Data in this exercise |

------------------------

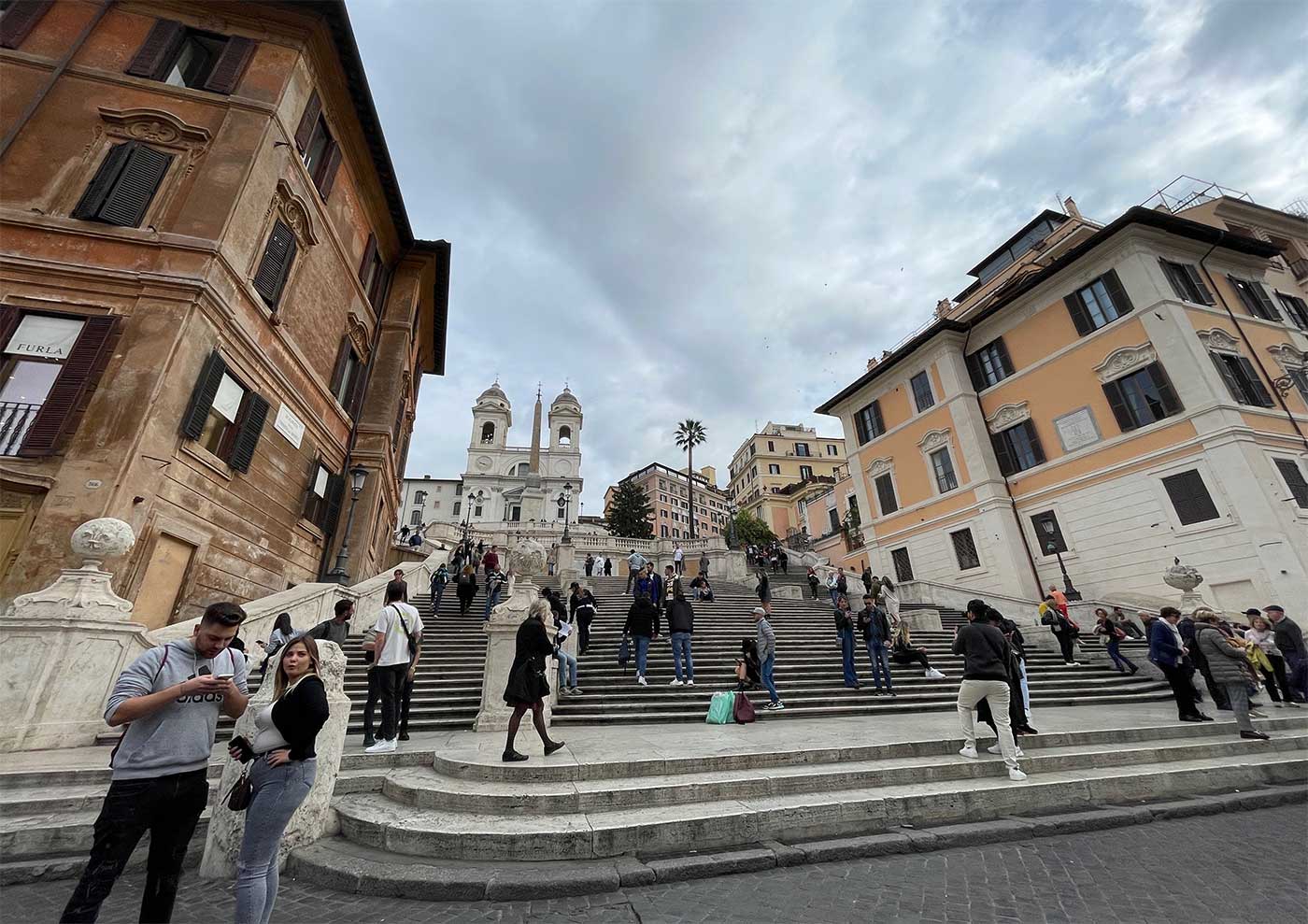 Large staircase leading up towards a church on a hilltop.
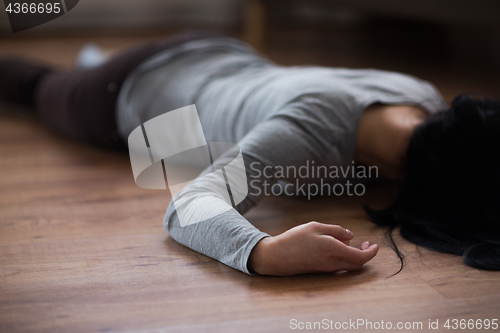 Image of dead woman body lying on floor at crime scene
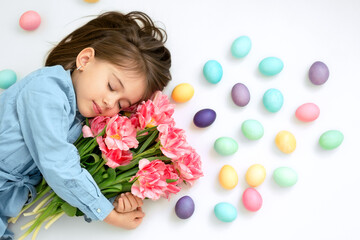 Obraz na płótnie Canvas A sweet girl with her eyes closed tenderly embraces a bouquet of tulips. Easter colored eggs are lying next to the child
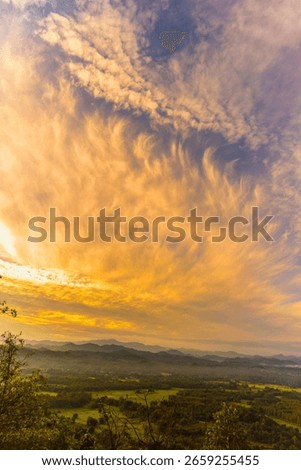 Vertical Horizon Sunset mountain range beautiful landscape mist foggy sunrise beam. Golden sky Mountain landscape mountain. Vertical Amazing Landscape cloud sky on sunrise. Gold sunlight heaven scene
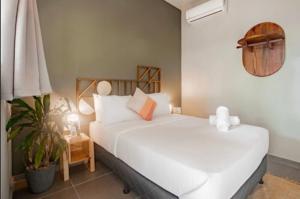 a bedroom with two white beds and a plant at Selina Venao Beach West in Playa Venao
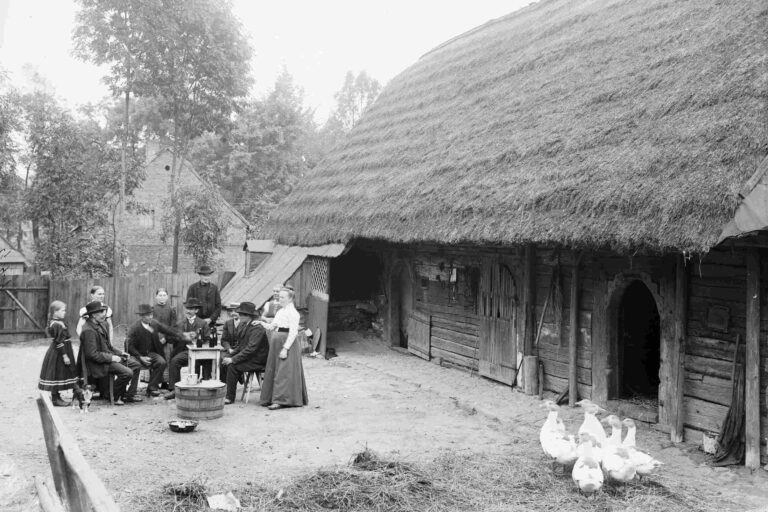 A family outside a thatched wooden house in an old Polish village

------------------------

What is needed | Set the pictures aside and repeat only the lines from the one containing "Image of dead" through the last line of the entries above, exactly as they stand.

Solution for this task |
 Image of dead woman body lying on floor at crime scene
 Obraz na płótnie Canvas A sweet girl with her eyes closed tenderly embraces a bouquet of tulips. Easter colored eggs are lying next to the child
 Vertical Horizon Sunset mountain range beautiful landscape mist foggy sunrise beam. Golden sky Mountain landscape mountain. Vertical Amazing Landscape cloud sky on sunrise. Gold sunlight heaven scene
 a bedroom with two white beds and a plant at Selina Venao Beach West in Playa Venao
 A family outside a thatched wooden house in an old Polish village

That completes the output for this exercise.